Let $X_{1}, X_{2}, \dots, X_{k}$ be random variables defined on the measurable space $(\Omega, \mathcal{F})$. Let $\mathcal{G} = \sigma(X_{1}, X_{2}, \dots, X_{k})$ and $\mathcal{A} = \{ \bigcap\limits_{i=1}^{k}X_{i}^{-1} (A_{i}) : A_{i} \in \mathcal{B}(\mathbb{R}) \} $.
I want to show that $\mathcal{G} = \sigma(\mathcal{A})$. I find this quite intuitive, but I am not sure how to approach the proof. It is easy to show that $\mathcal{A}$ is a $\pi$-system, but I am not sure if this is helpful.

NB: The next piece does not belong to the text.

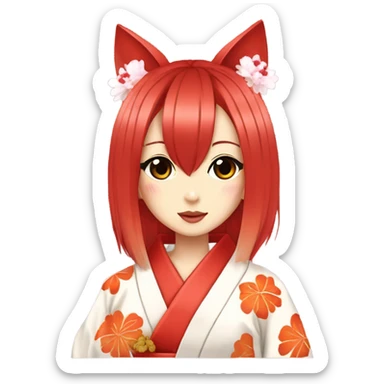 hime gyaru girl, kimono, red hair, kitsune mask sticker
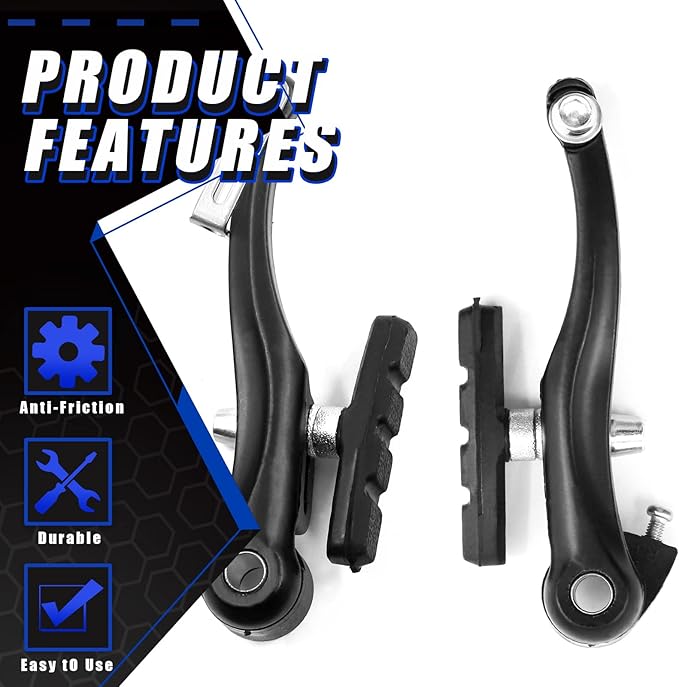 Glarks 6Pcs Bike Brake Set Includes 2 Pairs 4Pcs V-Bike Brakes, 2Pcs Black Front and Rear Brake Cables Professional Bicycle Brake Lines for Mountain Road Bikes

Note that $\sigma(X_i)\subset\mathcal{A}$ for all $i$. (To see this, note that $X_i^{-1}(A)$ is the same as $X_i^{-1}(A)\cap\Omega$ which is the same as $X_i^{-1}(A)\cap X_1^{-1}(\mathbb{R})\cap\cdots\in\mathcal{A}$.) Hence $\bigcup_{i=1}^n\sigma(X_i)\subset \sigma(\mathcal{A})$, so $$ \sigma(X_1, \dots, X_n) = \sigma\left(\bigcup_{i=1}^n\sigma(X_i)\right)\subset \sigma(\mathcal{A}). $$ The other direction follows from $\mathcal{A}\subset \sigma(X_1, \dots, X_n)$, which is clear since $\mathcal{A}$ consists of finite intersections of elements of $\bigcup_{i=1}^n\sigma(X_i)$.